Accordingly, the order of the Supreme Court is reversed insofar as appealed from, on the law, with costs, the cross motion is granted, it is declared that the defendants did not violate the plaintiff’s right to answer and defend administrative disciplinary charges against him, and the complaint is otherwise dismissed.

Lawrence, J. P., Santucci and Altman, JJ., concur.

Ordered that the order is reversed insofar as appealed from, on the law, with costs, the cross motion is granted, it is declared that the defendants did not violate the plaintiff’s right to answer and defend administrative disciplinary charges against him, and the complaint is otherwise dismissed. 
      
       In Service, the Supreme Court held that while the Secretary of State was under no obligation to provide any procedural protections when terminating foreign service officers, once he adopted regulations setting up procedures, he was bound by those regulations.
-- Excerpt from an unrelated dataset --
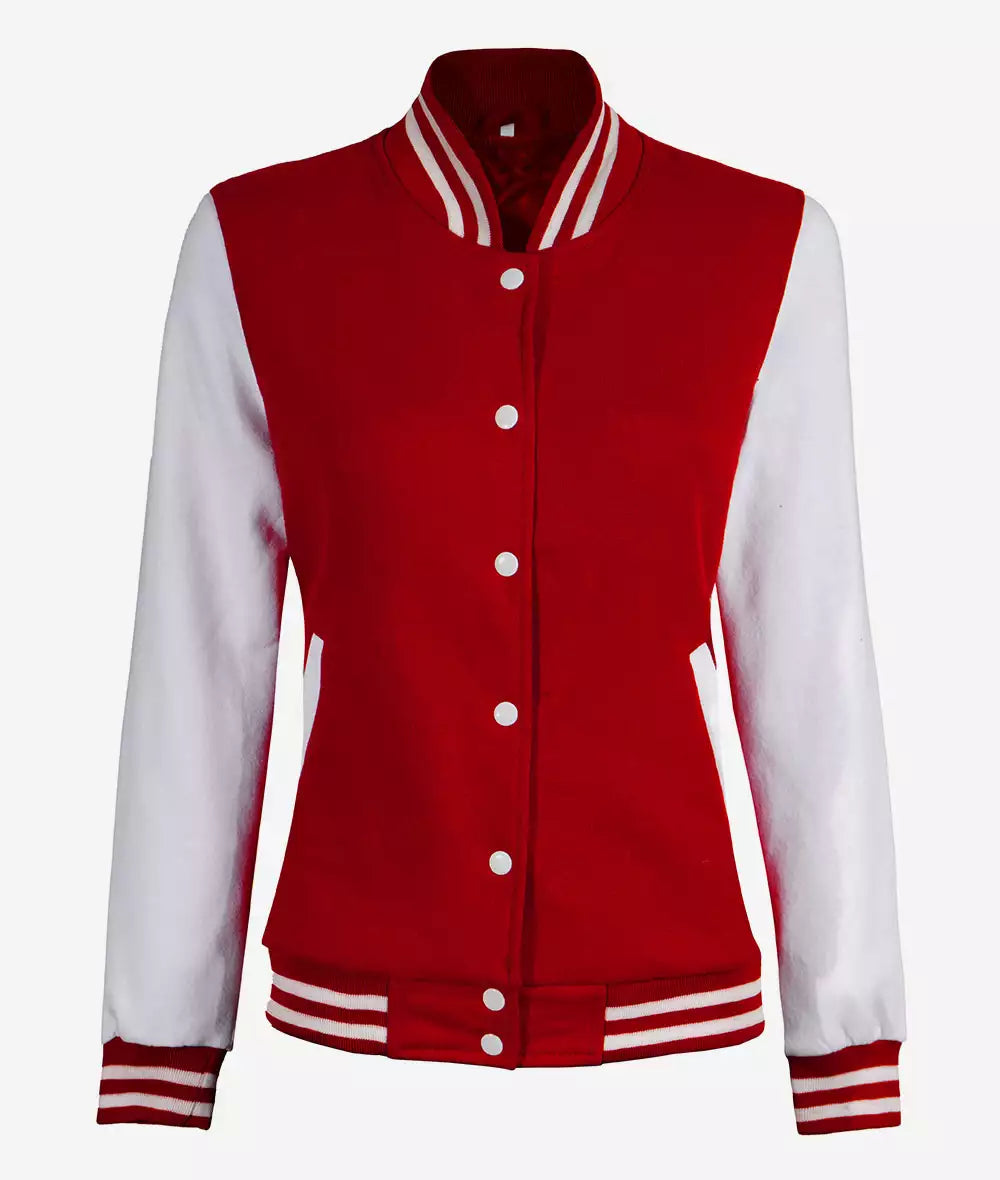 Women’s Red Letterman – White Sleeve Varsity Bomber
In Accardi, the Supreme Court vacated a deportation order of the Justice Department on the ground that the agency had violated its own rules in failing to exercise independent discretion during the course of a deportation hearing. In Vitarelli, the Department of the Interior discharged an employee without following the procedures dictated by the Department’s own regulations. The Supreme Court held that the Secretary, having chosen to proceed against the petitioner on security grounds, was bound by the regulations which he himself had promulgated for dealing with cases of this nature.